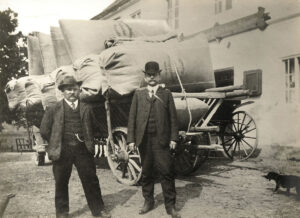 En virée commerciale avec le directeur: achat de houblon dans la région de Hallertau, en Allemagne. Fritz Schoellhorn se trouve à droite. Photo prise en 1906.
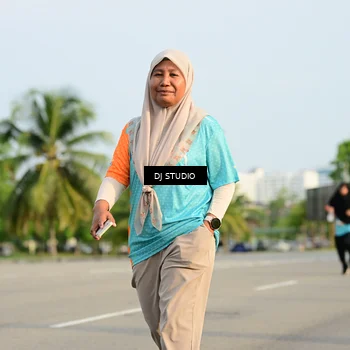 Runner Photo 8354275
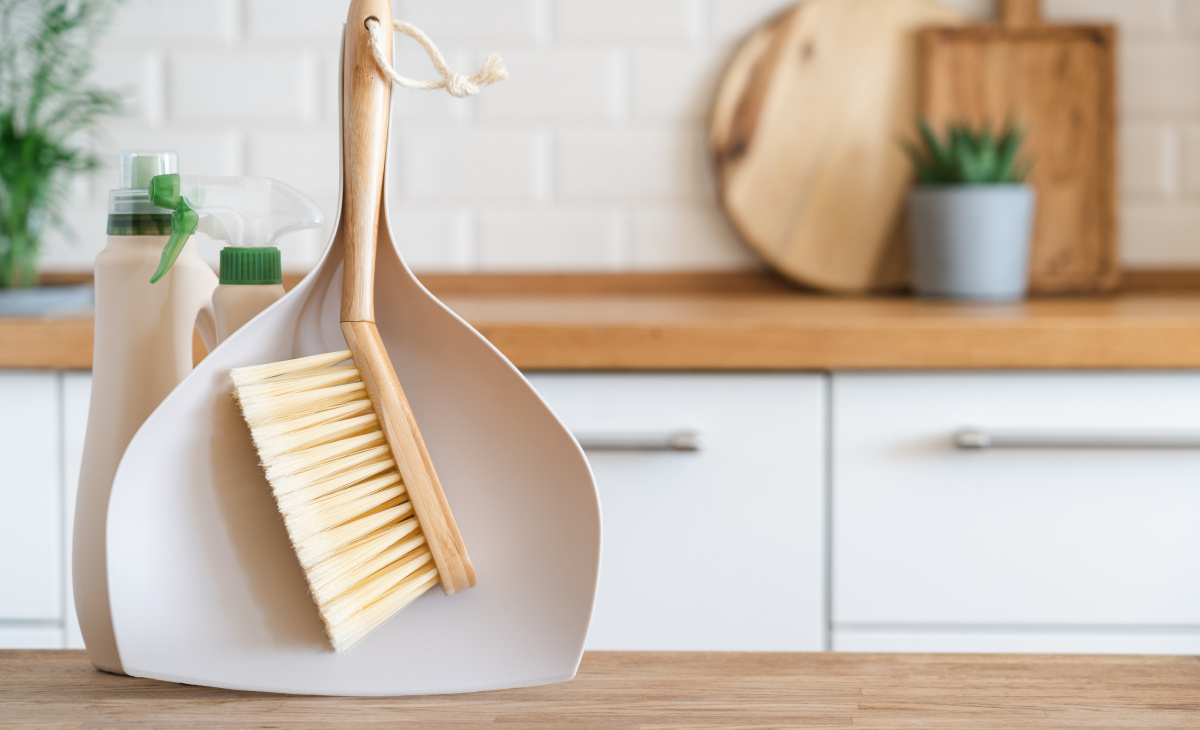 Значение сухой уборки в быту
Чистота — это не только вопрос эстетики, но и залог здоровья и уюта в доме. Каждому из нас приятно войти в комнату, где полы сверкают чистотой, а воздух наполнен свежестью.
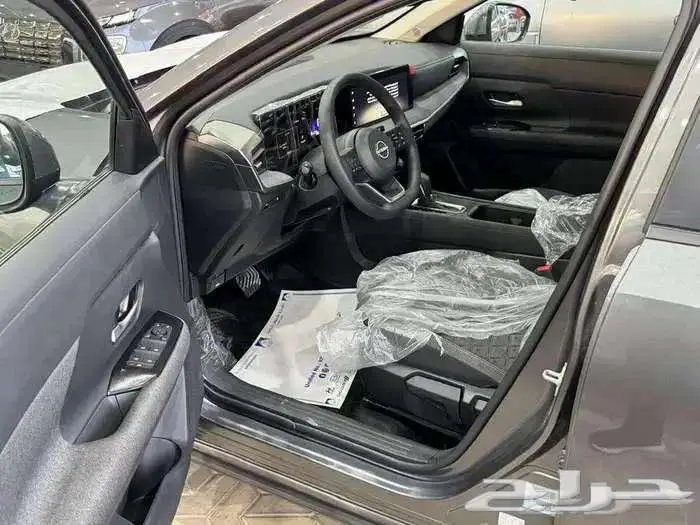 نيسان كيكس SV نص فل ويتوفر ستاندر 2025 6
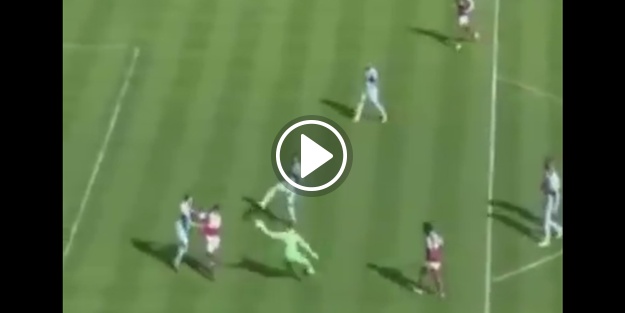 Kaleci Messi'ye özenirse...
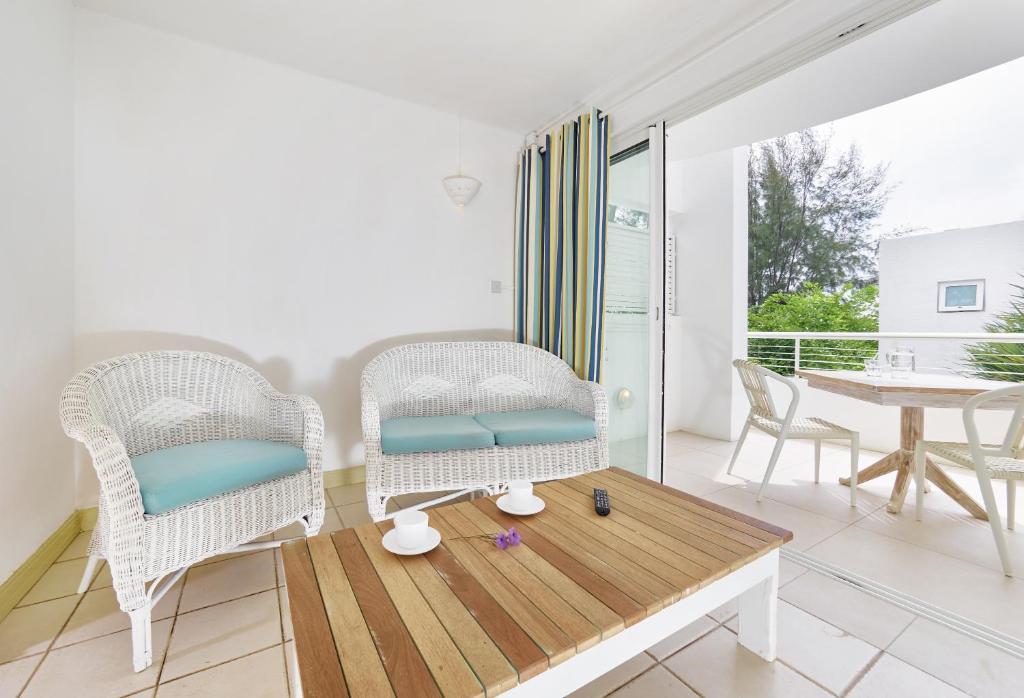 Le Beachclub - One-Bedroom Loft With Partial Sea And Garden View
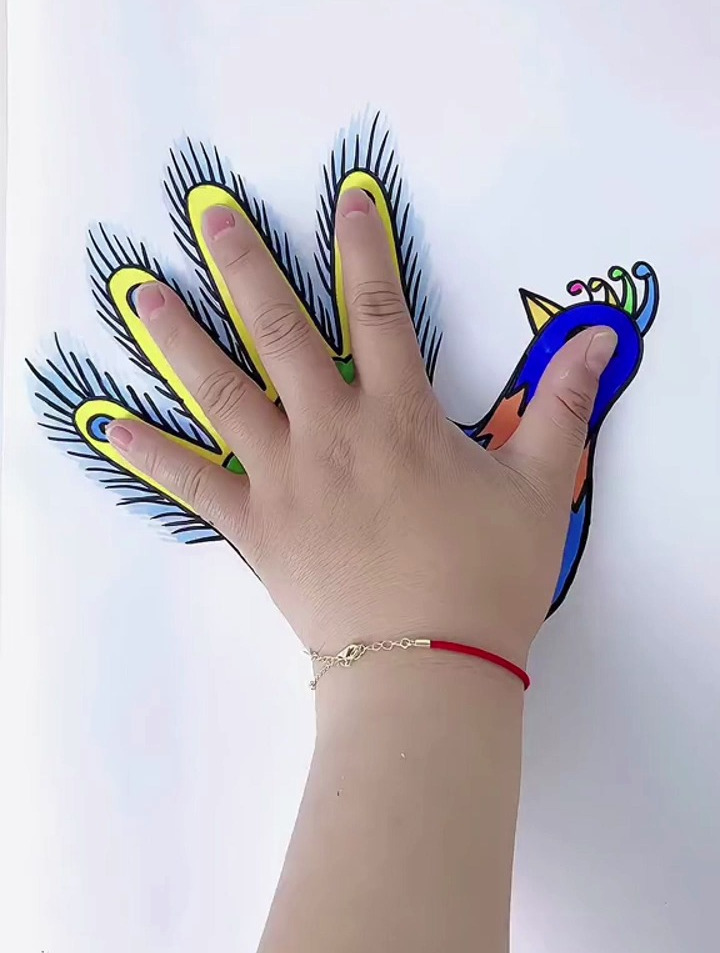 用手掌画孔雀,非常简单,有手就会,跟我学起来吧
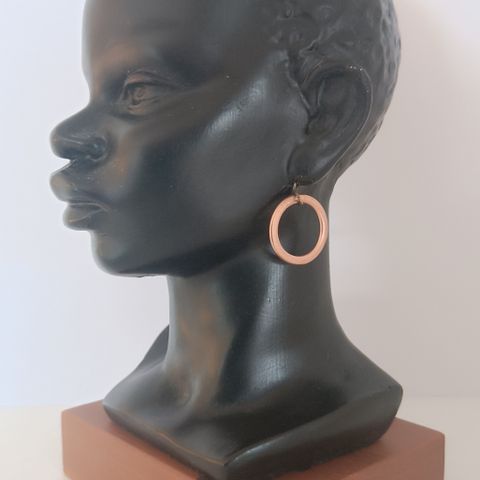 Skulptur av afrikansk dame. 50-60 tall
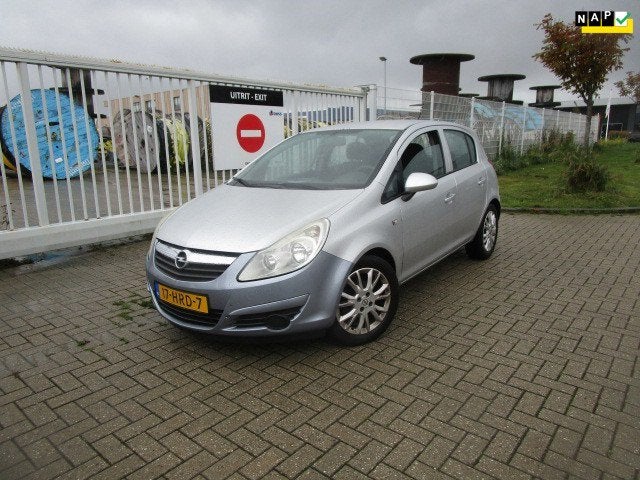 Opel Corsa 1.4-16V Enjoy, Nw apk, Voorwielaandrijving, 1063 kg, Gebruikt, 4 cilinders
# # # # # # #
TO DO.
Once the pictures are set aside, what is needed is the lines from the line with "Runner Photo 8354275" through the end of the data, written out exactly and alone.

RESULT BELOW.
 Runner Photo 8354275
 Значение сухой уборки в быту
Чистота — это не только вопрос эстетики, но и залог здоровья и уюта в доме. Каждому из нас приятно войти в комнату, где полы сверкают чистотой, а воздух наполнен свежестью.
 نيسان كيكس SV نص فل ويتوفر ستاندر 2025 6
 Kaleci Messi'ye özenirse...
 Le Beachclub - One-Bedroom Loft With Partial Sea And Garden View
 用手掌画孔雀,非常简单,有手就会,跟我学起来吧
 Skulptur av afrikansk dame. 50-60 tall
 Opel Corsa 1.4-16V Enjoy, Nw apk, Voorwielaandrijving, 1063 kg, Gebruikt, 4 cilinders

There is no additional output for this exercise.